Storytelling and your sales presentation
People love to be told a story, especially if it’s relevant to their experiences and problems.
Statistics, facts and figures can help when you’re trying to persuade a prospect to become a customer, but they’re more impactful if you can frame those statistics in a relatable way. For example, if you tell a story about an existing customer who faced the same challenges as your prospect, and supplement that with powerful data, they are more likely to listen and want to know more.
Human beings have a deep relationship with storytelling. Stories move us, teach us and, in a sales context, persuade us. We remember stories more than we remember anything else.
Chip Heath, a Stanford professor and the co-author of “Made to Stick”, demonstrates the importance of storytelling by doing an exercise with his students. He divides them into groups and asks them to deliver a one-minute persuasive pitch based on data he’s just shown them.

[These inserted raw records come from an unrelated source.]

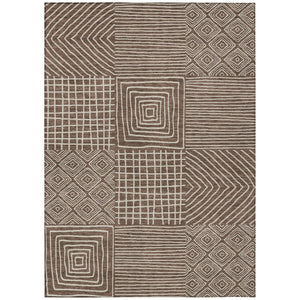 HomeRoots 9' X 12' Stylish Brown and Ivory Geometric Area Rug - Washable, Durable, Indoor/Outdoor Versatility! 600730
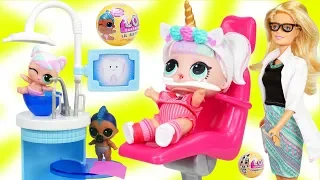 Unicorn Family Visit Doctor Dentist Barbie | LOL SURPRISE Fun Toys + Dolls for Kids | ToyEggVideos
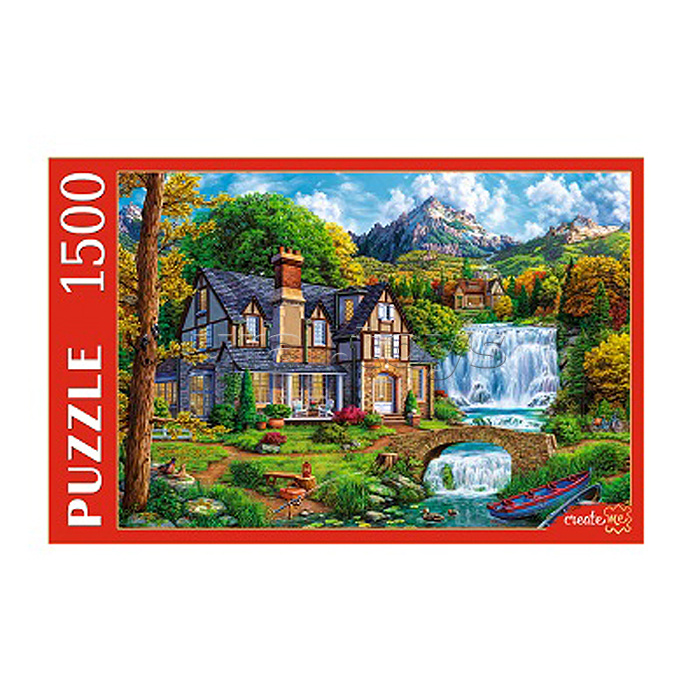 Пазлы 1500 "Домик у большого водопада"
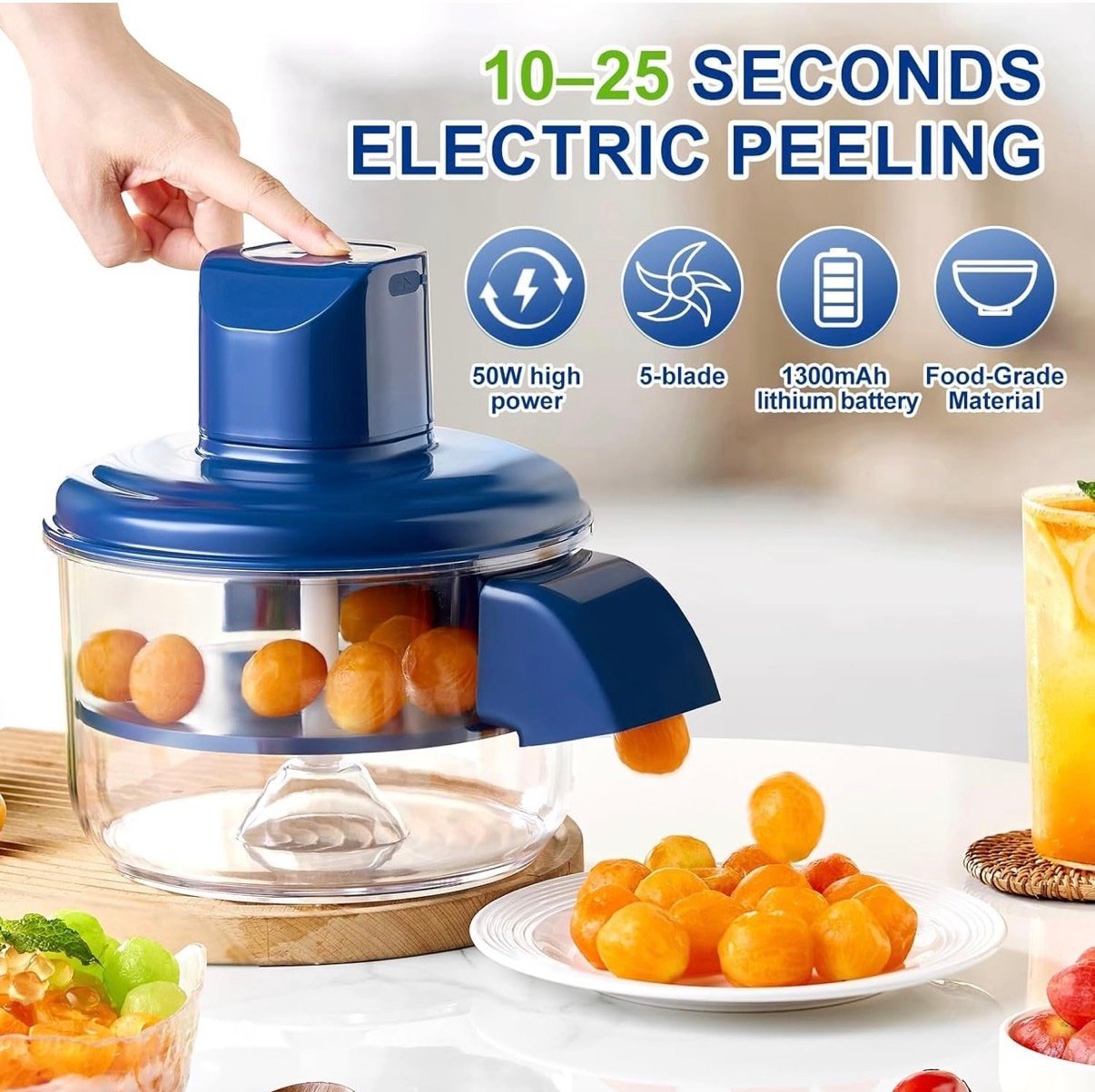 Fruit & Vegetable Peeler Machine | 5-Blade Precision Peeling | Rechargeable Cordless Stainless Steel Kitchen Tool - Image 2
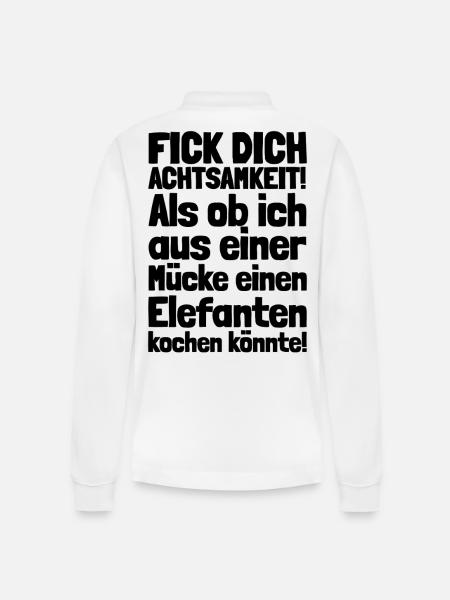 FICK DICH ACHTSAMKEIT / MÜCKE ELEFANT KOCHEN - Stanley/Stella Unisex Bio-Langarm-Poloshirt Prepster - Weiß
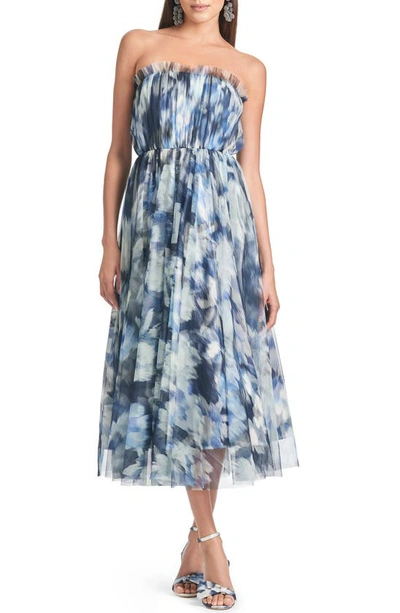 Sachin & Babi Marni Strapless Tulle Cocktail Dress In Blue Ikat Floral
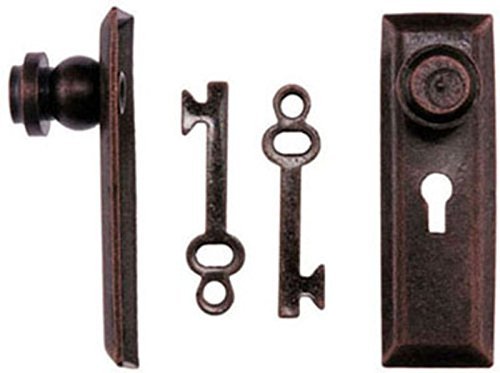 Aztec Imports Handley House Dollhouse Miniature Oil Rubbed Bronze Finish Door Knob w/Key Plate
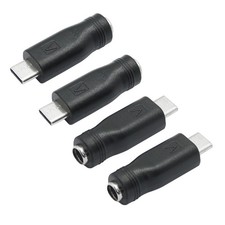 DC 5.5mm x 2.1mm to USB C Adapter, Connector Convert Plug 5V Black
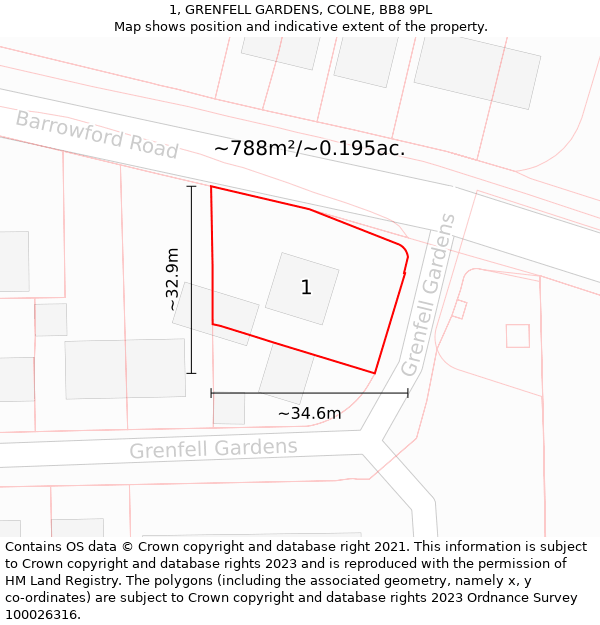 1, GRENFELL GARDENS, COLNE, BB8 9PL: Plot and title map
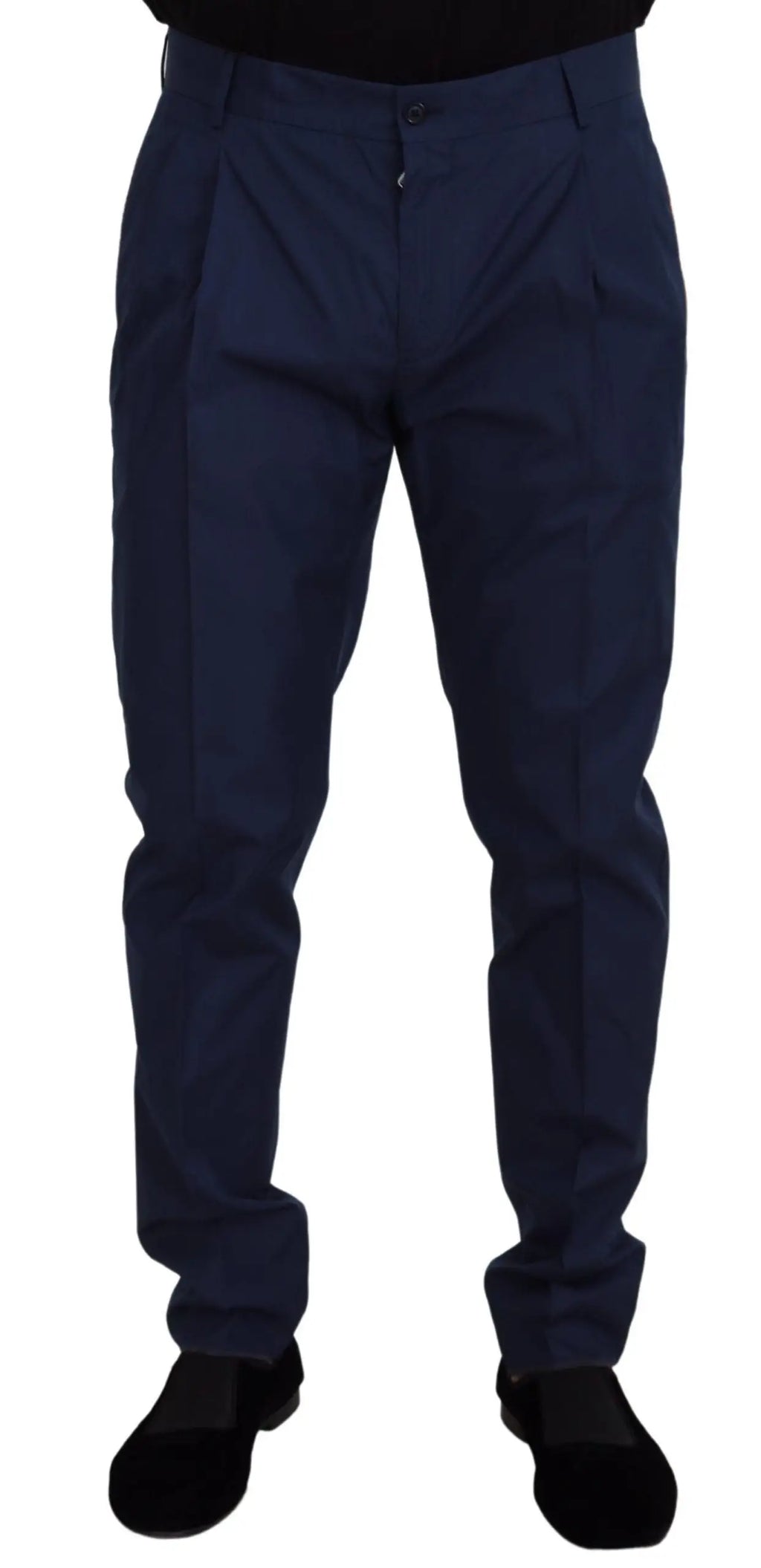 Pantalon chino bleu marine plissé en coton soie dolce gabbana pour homme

After the pitches have been delivered and there’s been a break, he’ll ask the class to jot down everything they remember about them. Although most students use stats rather than stories, 63% remember the stories, while only 5% remember an individual data point.
The stickiness of stories makes them a useful tool for developing a sales presentation outline, as they help prospects understand and remember the key points of the presentation and your product.
“Analogies or relatable stories are an extremely powerful technique to avoid using internal ‘jargon’ and allows the customer to understand the product/service in the real world,” explains Thomas Dredge, sales manager at Particular Audience.
“For example, explaining a display ad across the internet can be likened to a billboard on the side of a building. Sellers often confuse clients by using complicated language. They may believe this makes them come across as more knowledgeable, but it’s not a good way to sell.
“People buy things they understand. Help them understand!”
Start with a problem (and a deadline)
Your presentation is about the solution you’re offering your prospects, but it shouldn’t start with that solution.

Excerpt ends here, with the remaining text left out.